=== What you should do ===
Each entry should be set down again verbatim, with the images omitted.
===== Data for the task =====
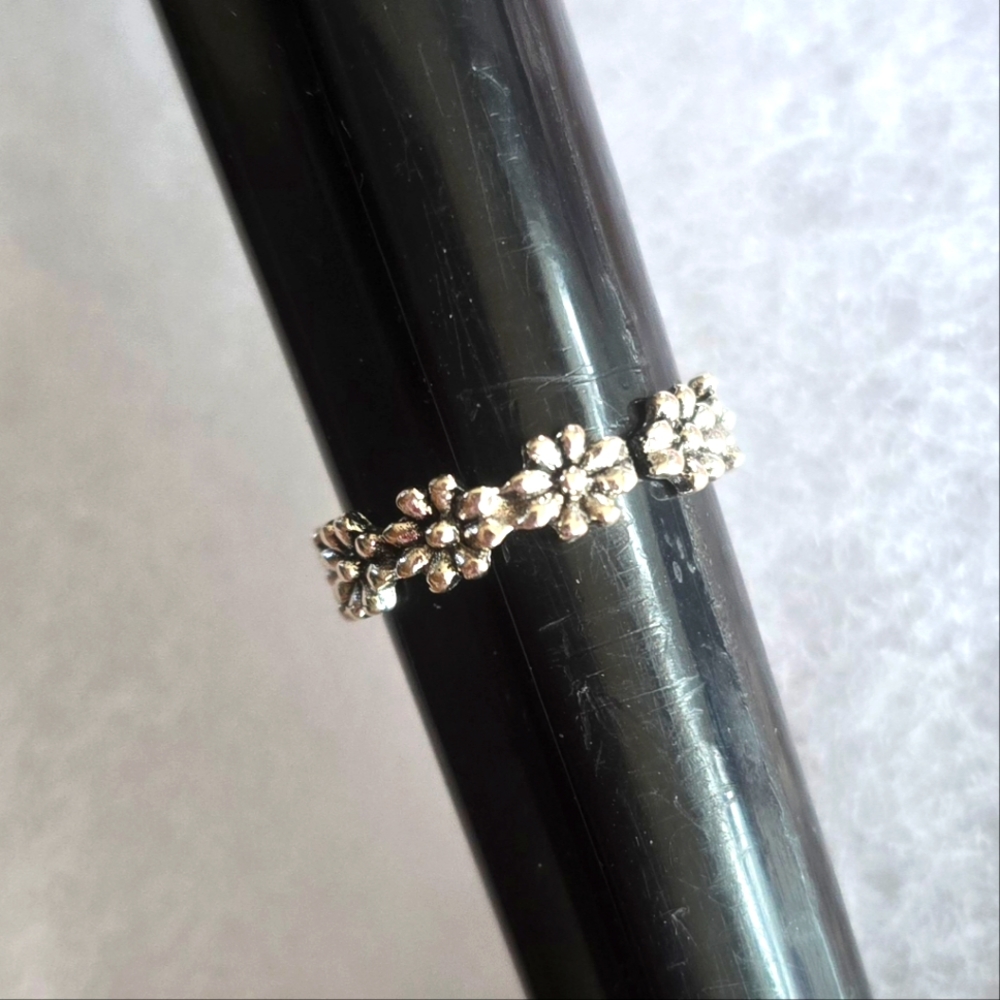 ETERNITY BAND FLORAL DAISY'S NEW SIZE 7 FASHION SILVER RING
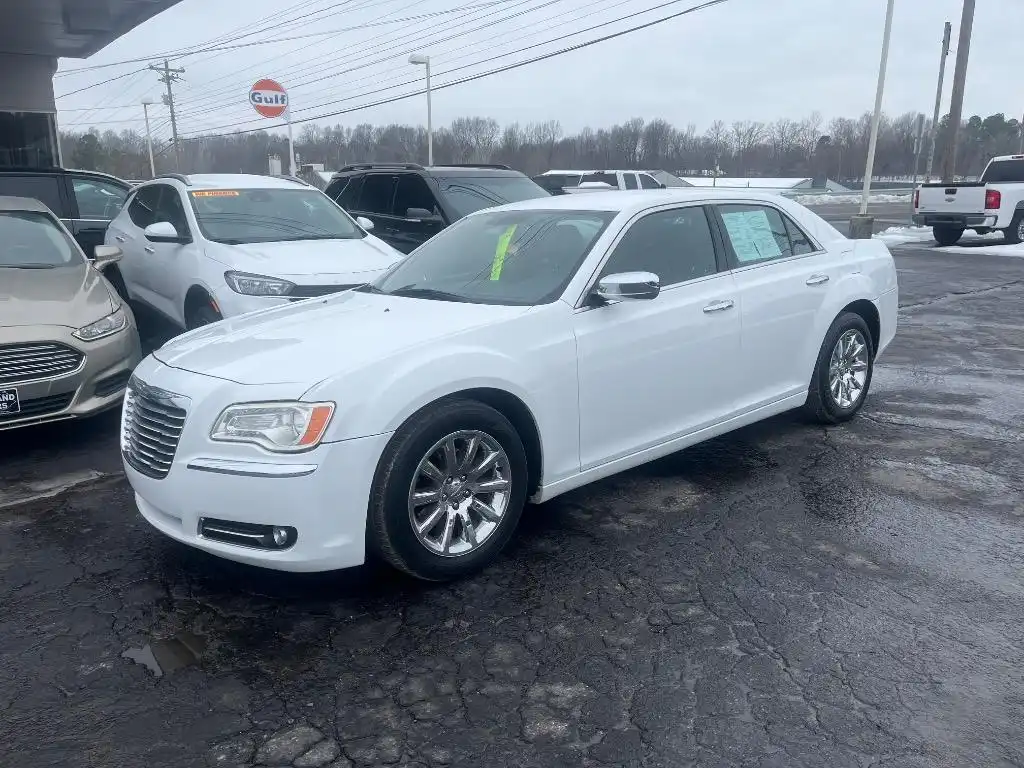 2012 Chrysler 300 Limited's photo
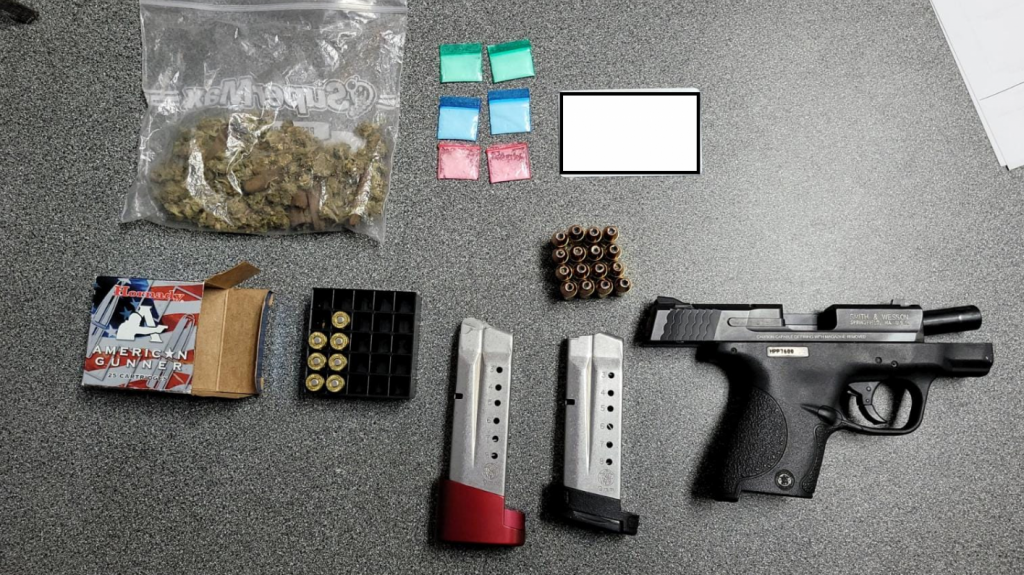  Arrestan 2 hombres con una pistola y drogas en Ceiba 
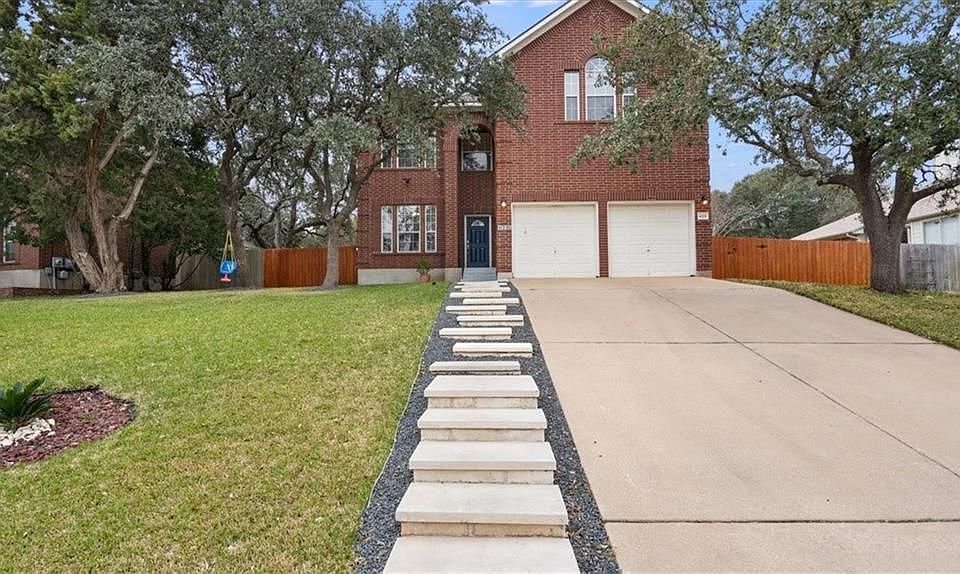 1st image of 1028 Cashew Ln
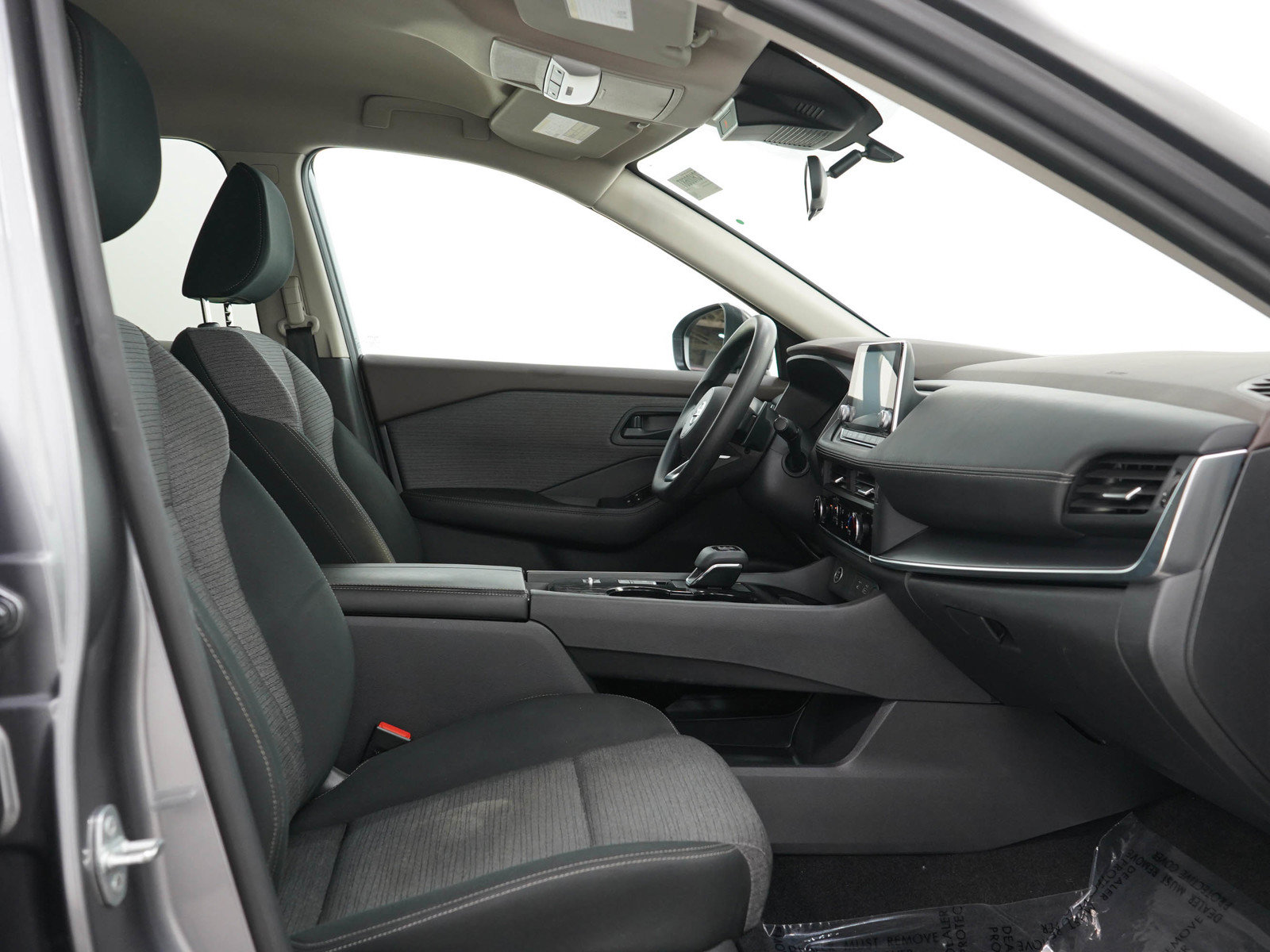 Used 2021 Nissan Rogue S FWD image 12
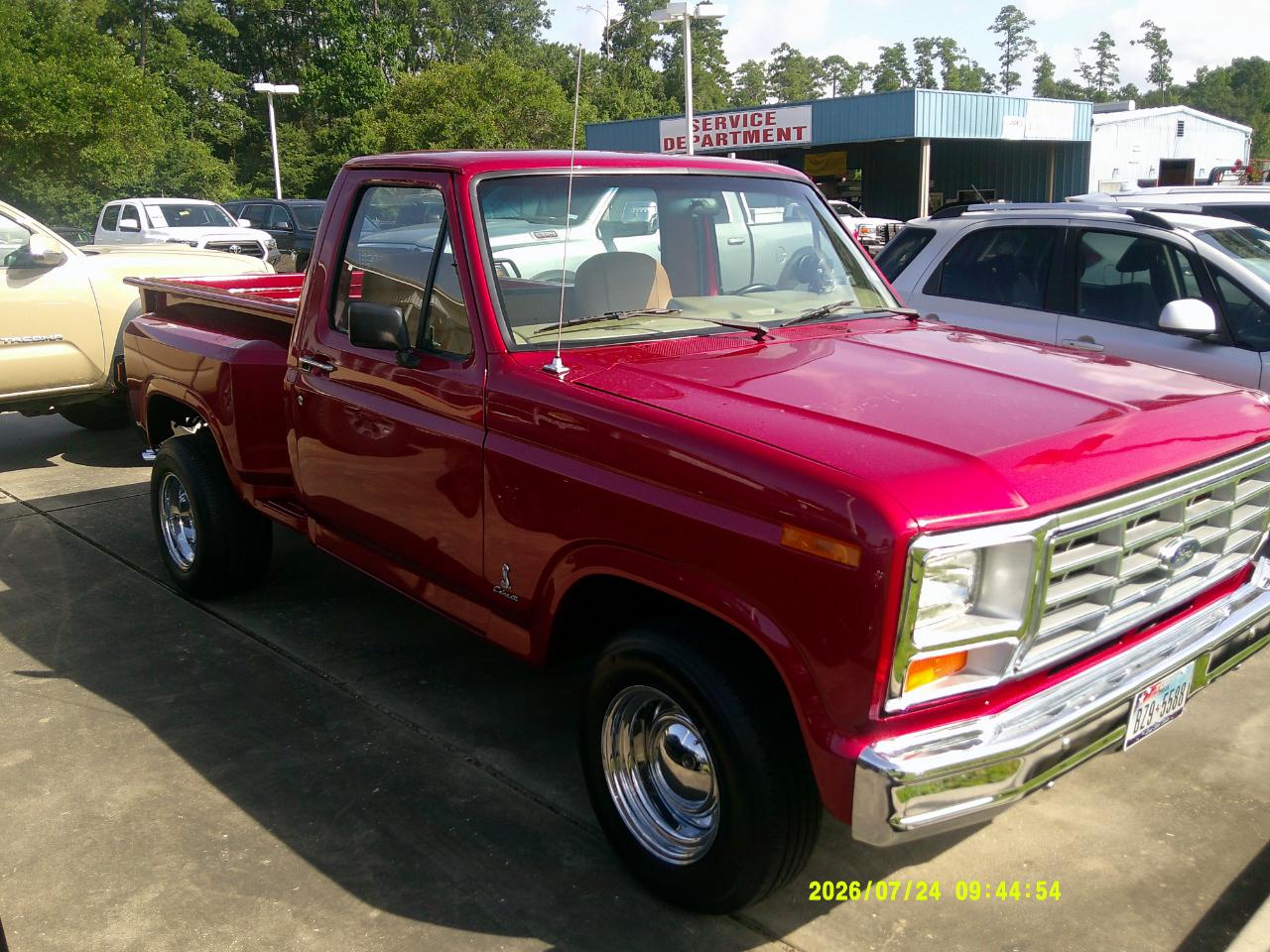 Ford F-Series Pickup 2WD F-100 Reg Cab 1981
=====
=== Answer to the exercise ===
 ETERNITY BAND FLORAL DAISY'S NEW SIZE 7 FASHION SILVER RING
 2012 Chrysler 300 Limited's photo
  Arrestan 2 hombres con una pistola y drogas en Ceiba 
 1st image of 1028 Cashew Ln
 Used 2021 Nissan Rogue S FWD image 12
 Ford F-Series Pickup 2WD F-100 Reg Cab 1981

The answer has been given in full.